Before I explain more, I have a question. Because of my mutli-cultural background and extensive life experience dealing with different lifestyles and humans on multiple continents, I have a much broader view of reality then if I were born and raised in the same town and only was influenced by a subset of the American society that all think the same way and view everything from the same limited perspective (social conditioning). Because of this, I view the natural battles for dominance that occur in nature as an imperatively essential part of nature and the process of natural selection. To me it is completely separate issue from the battles induced by man for profit or personal glory. My fear is that, because of the limited world view of some people on this forum (and especially those that moderate), that they are mentally incapable of separating the two issues when it comes to chickens because of there extreme separation from the natural way chickens are raised in most of the world. I am I correct in assuming this?

The reason I ask is, that I would like to discuss the characteristic of my birds in the Amazon, but I fear that some would think I was talking about a totally separate issue that is not allowed to be discussed on this forum.
 
What you need to understand is there is only one type of game, either they are, or they aren't. With gamefowl they have been refined for strictly deep gameness and performance. This has literally nothing to do with natural selection, nor wild jungle type fowl. I can't speak on the birds you had in SA, but I can tell you there is a huge difference between wild birds, and game bred gamefowl. Gamefowl were bred for one reason only, while birds intended to range in the wild on their own will not be even close to the same thing IMO. It's one thing where nature has allowed fowl to learn how to stay alive with little human care, while it's quite another when they have been bred for a specific purpose by humans. I can tell you, that any decent gamefowl bred in America were let loose as they are, no matter the space available, if a cock found another cock, one or both would end up dead. Now allowed to breed over time that way, on their own, you will end up with birds that won't kill each other any more as it isn't beneficial to survival in the wild, and you would end up with dunghill fowl for what we consider gamefowl. Now they would be very adaptive to survival in the wild eventually, but they won't be pit game anymore. I would say that what you consider game is like what you would see in a pheasant or the like, but game when it comes to chickens, specifically gamefowl is the absolute intolerance to other males near them, and the willingness to sacrifice their own life to either kill, or drive away the other bird. It is a man made condition to be sure, but also a refinement of natural gameness to the extreme. I don't know any other way to explain it.
 
Good Cuda. Exactly.
No, Jungle, what Gallo mentions does NOT make a bird "game". Cuda described what "game" is. "Gameness" is only one, simple (yet extremely complex) thing: the willingness of a cock to die trying to rid all other males from his presence, anytime, anywhere, at all costs....basically. It is inborn, and naturally occurring in Gamefowl...breeding is its ultimate enemy.

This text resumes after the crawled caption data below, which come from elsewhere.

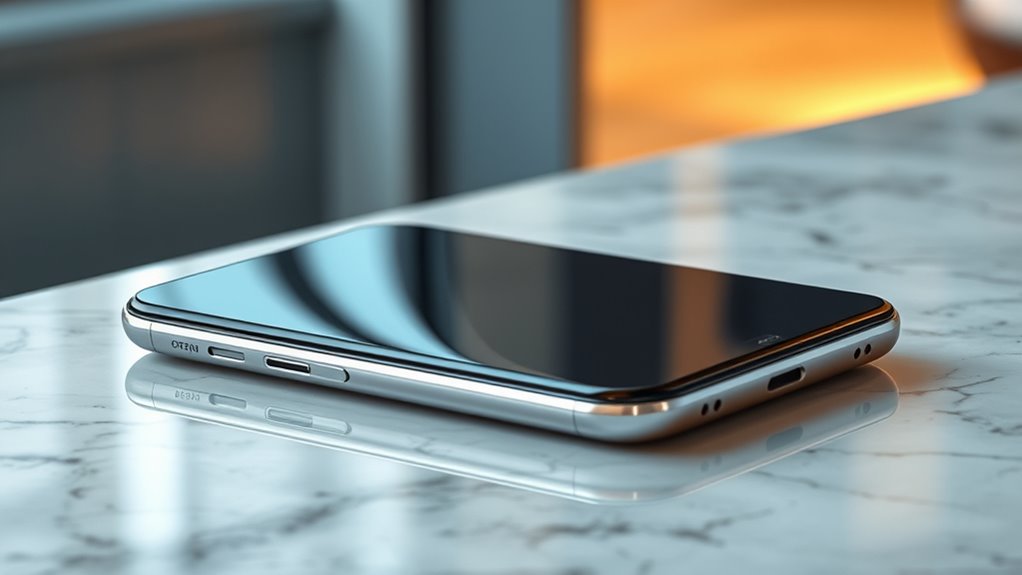 performance display battery camera
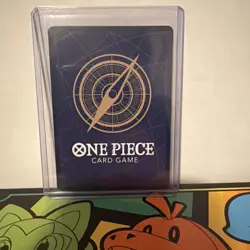 One Piece TCG Mamaragan OP15-078 SR EVENT Adventure on Kami’s Island OP15-EB04 - Image 2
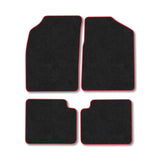Ford KA (2009-2013) Premium Tufted Carpet Car Mats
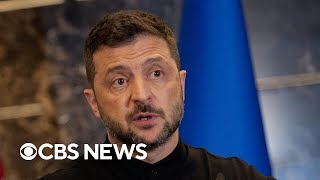 Zelenskyy calls for global response after Russia's recent strike
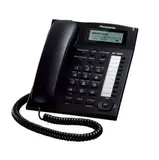 Телефон проводной Panasonic KX-TS2388RUB черный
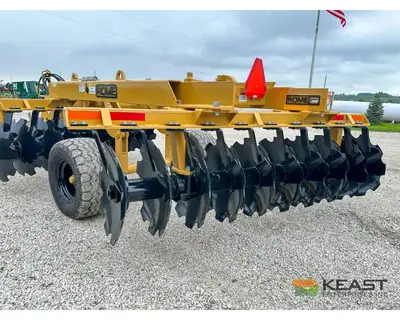 Used ROME _UNKNOWN_ Disc Harrows Iowa US | Keast Enterprises #1360407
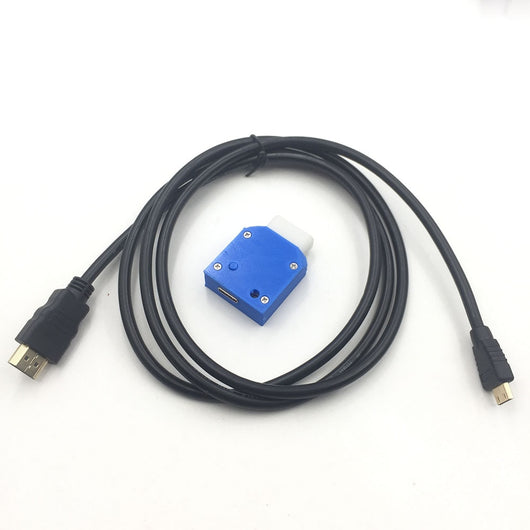 Convertidor To HDMI - Conectividad Instantánea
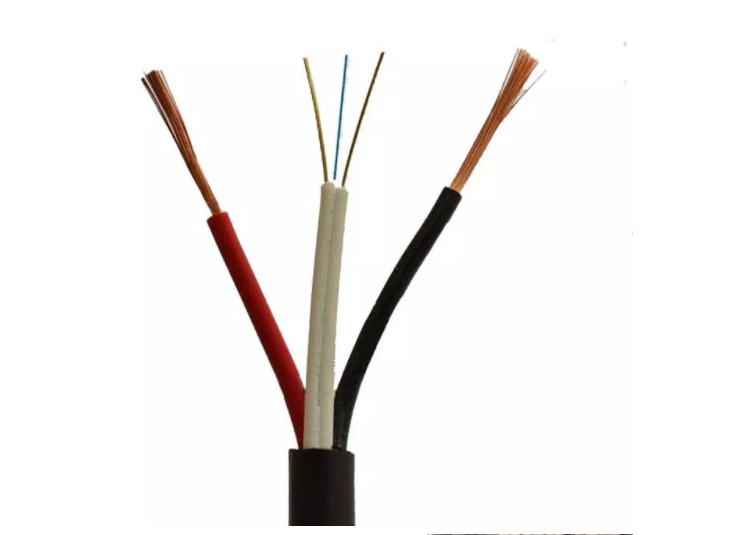 1-12cores FTTH Drop Cable 2
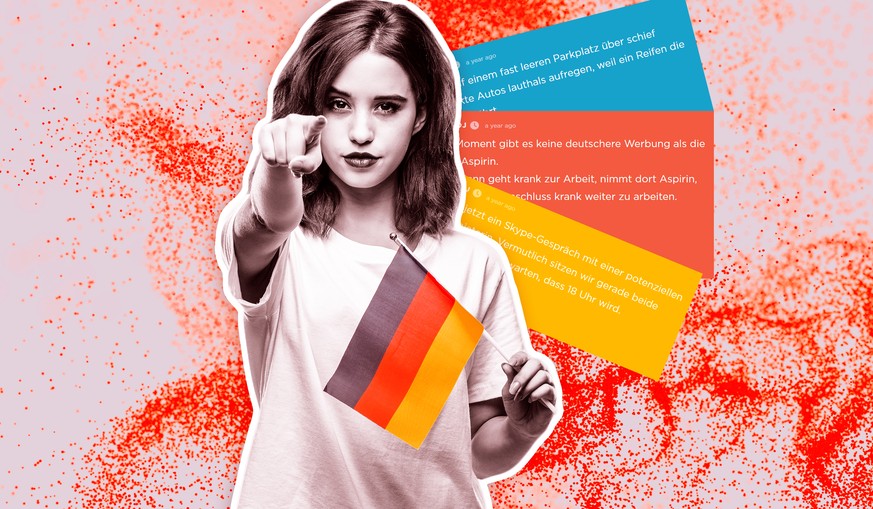 15 Jodel, die definitiv deutscher sind als du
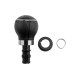 ΠΟΜΟΛΟ ΤΑΧΥΤΗΤΩΝ ΜΑΡΚΕ ΓΙΑ VW GOLF 5 2003+ / GOLF 6 2008+ / GOLF PLUS 2005+ / JETTA 2006+ ΜΕ ΕΝΔΕΙΞΗ 6 ΤΑΧΥΤΗΤΩΝ Μαρκέ Πόμολα Φούσκες Ταχυτήτων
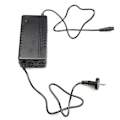 Miniatyrbild 1 av 5: IC CNE DC 54.6V 2A E-scooter Batteriladdare Adapter För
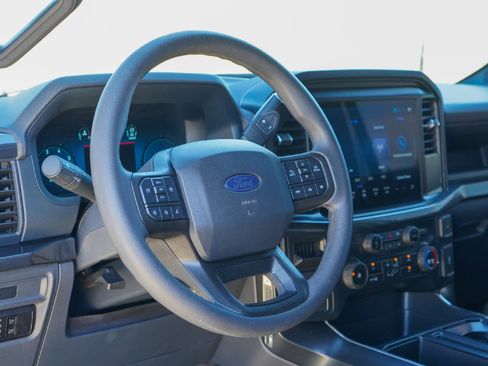 Used 2025 Ford F150 STX w/ Equipment Group 200A image 7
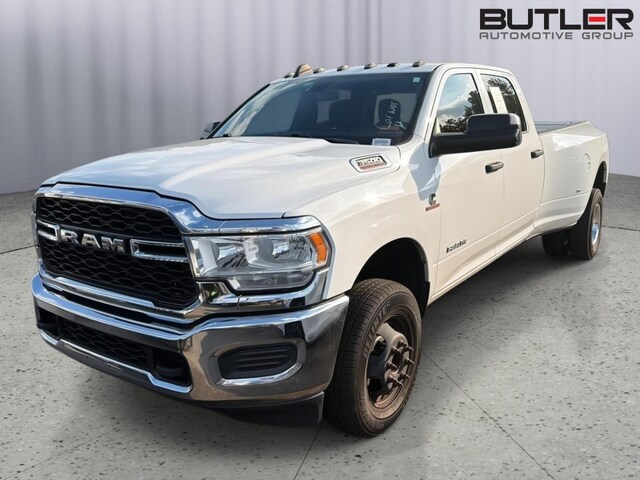 2022 RAM 3500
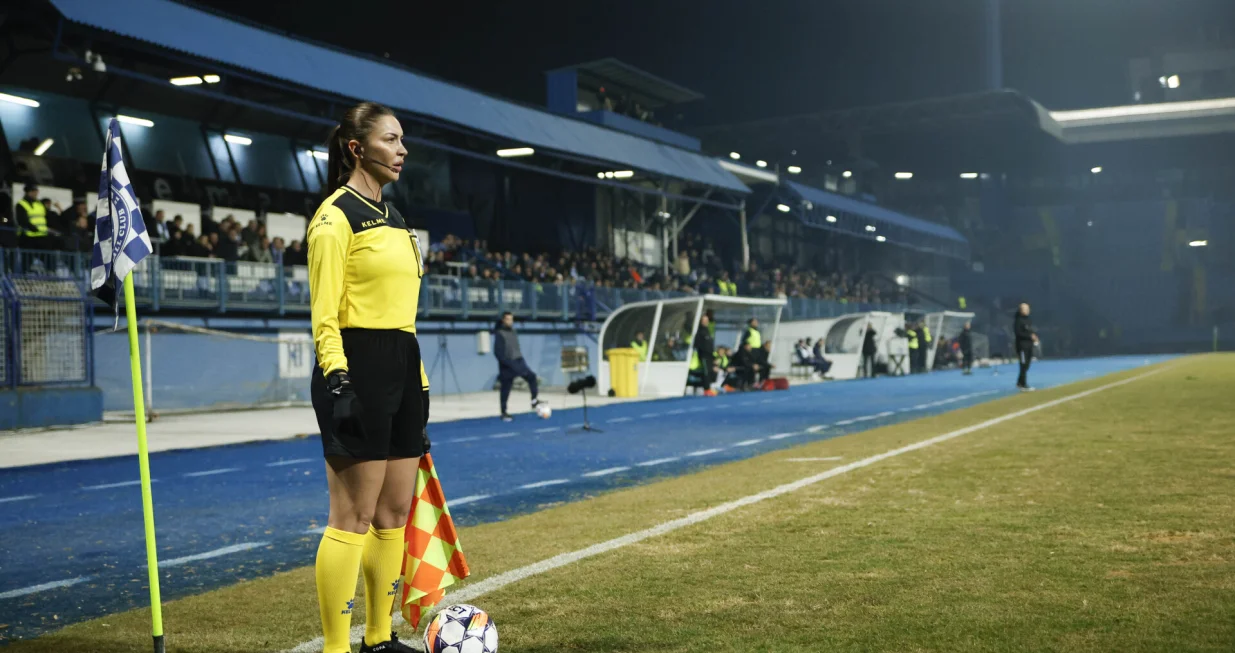 FK Željezničar - NK Vareš (FOTO: Damir Deljo/Oslobođenje)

Jungle, I would love to hear more about your "Amazonian chicken experience" I think it would make a wonderful, abstract, and thoroughly interesting subject. They are not gamefowl, neither are they fighting chickens, or anything of the like, just because they engage in long, often serious battles, so BYC shouldn't mind this most enlightening branch of the poultry world. You know I spent a little time in Honduras living there with my folks as Missionaries. A little more civilized then where you were, but still quite primitive and the chickens were "fend for yourself", work things out yourself, roost where you will etc. And harvested when ready to eat. So maybe I'll be able to relate a little bit.